> _Required work_
Exercise in exact copying: restate word for word only the lines below from the one containing "Olympus E-P1 vs" through the one containing "Vintage beige lace Crochet style dress", omitting any pictures.

> _Extracted records_
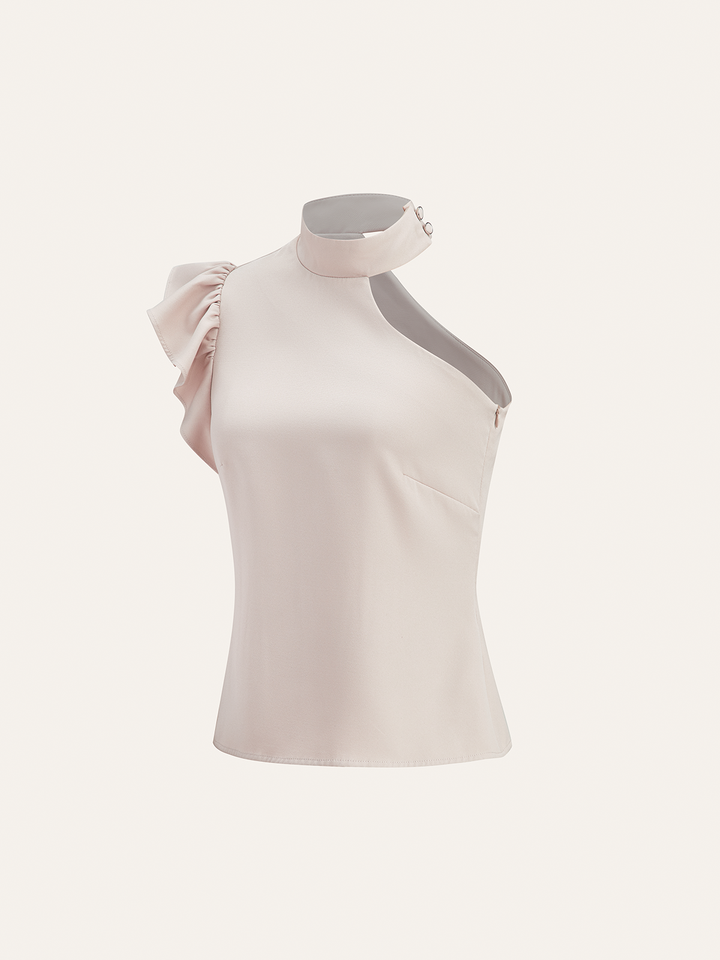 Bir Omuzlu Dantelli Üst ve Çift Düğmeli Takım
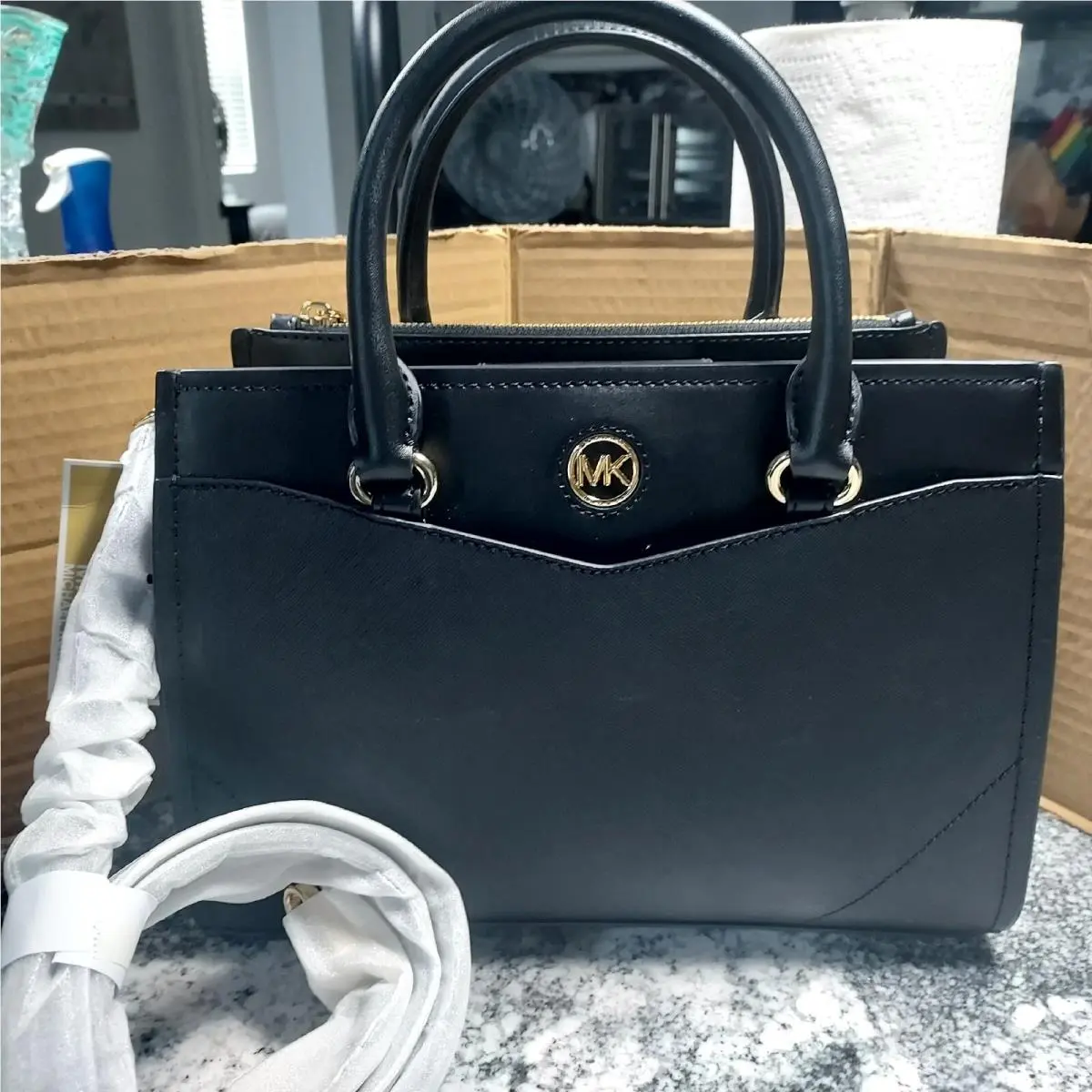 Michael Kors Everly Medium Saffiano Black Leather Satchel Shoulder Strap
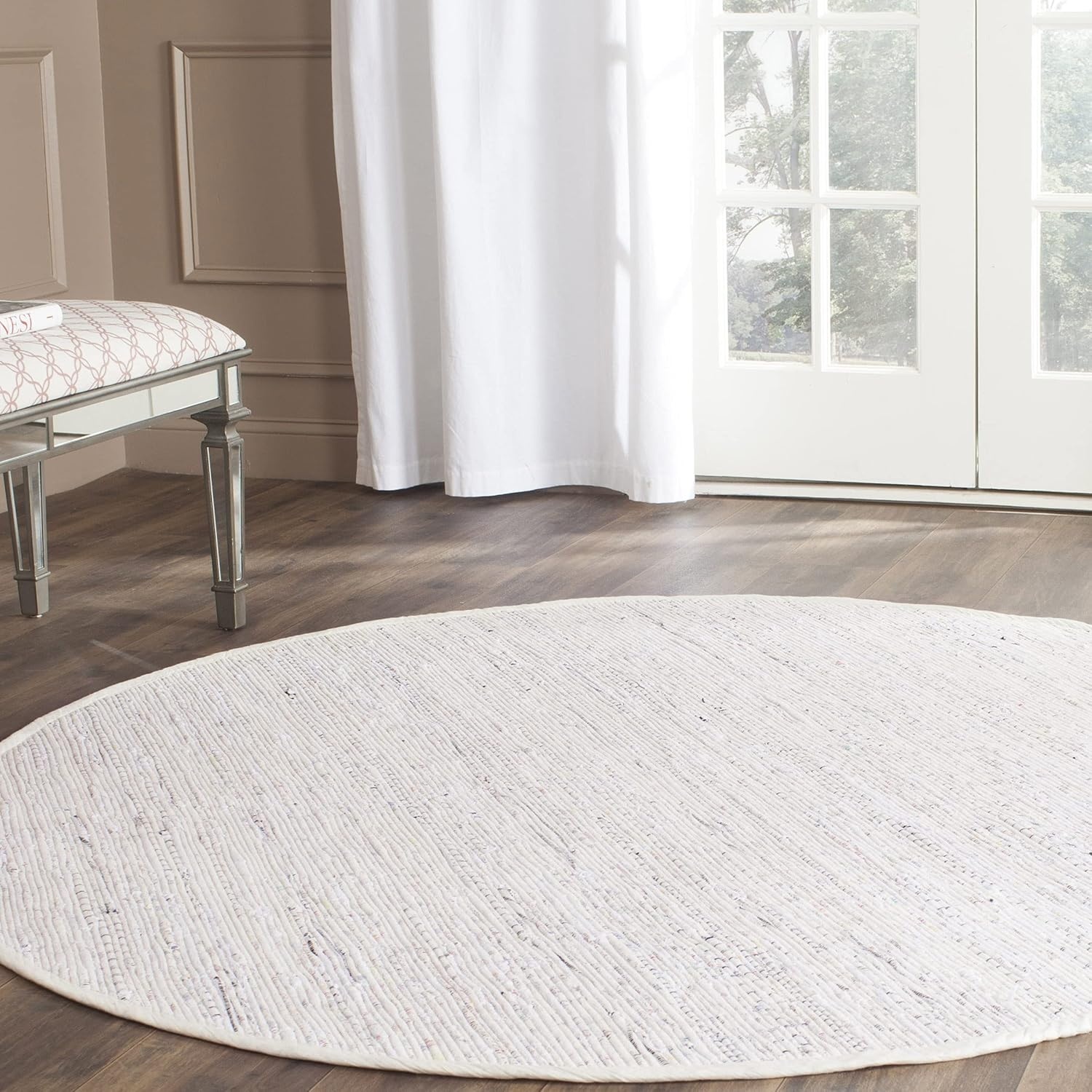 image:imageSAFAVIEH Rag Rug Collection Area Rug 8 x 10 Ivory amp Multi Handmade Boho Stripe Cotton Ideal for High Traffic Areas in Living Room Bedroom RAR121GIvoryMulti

* * *

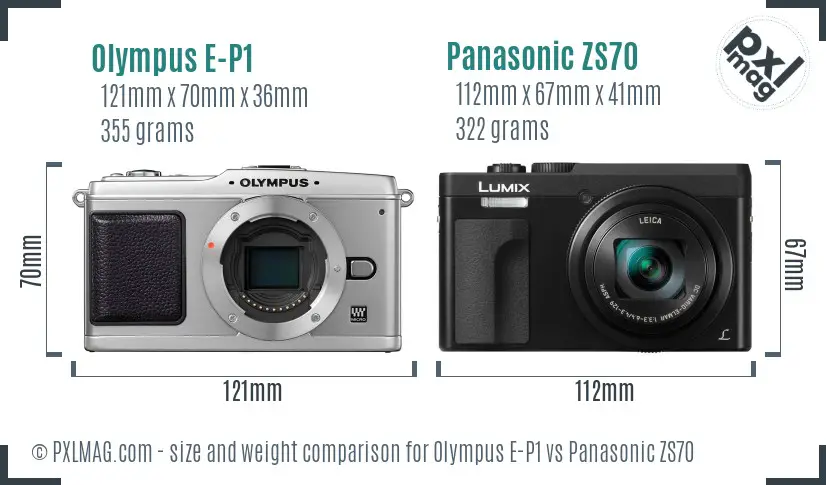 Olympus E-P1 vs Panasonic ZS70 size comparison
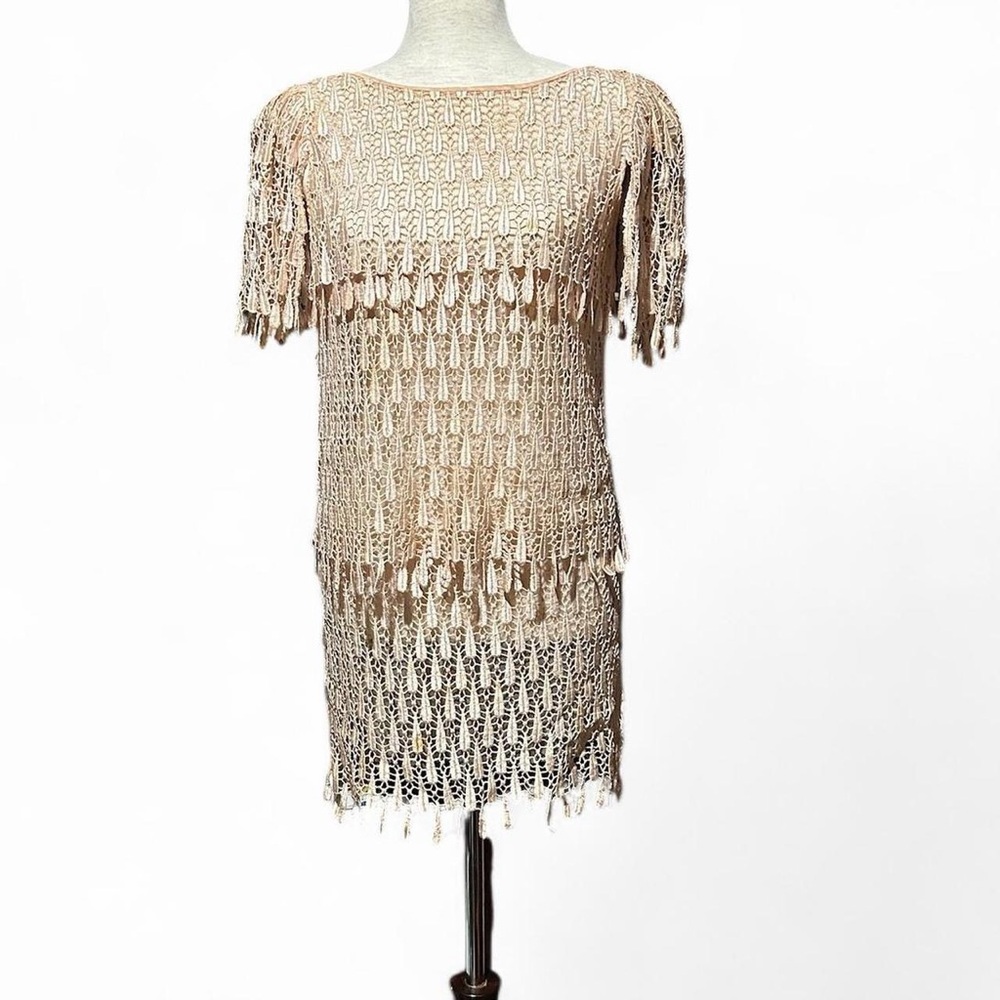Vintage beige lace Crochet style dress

> _Task response_
 Olympus E-P1 vs Panasonic ZS70 size comparison
Vintage beige lace Crochet style dress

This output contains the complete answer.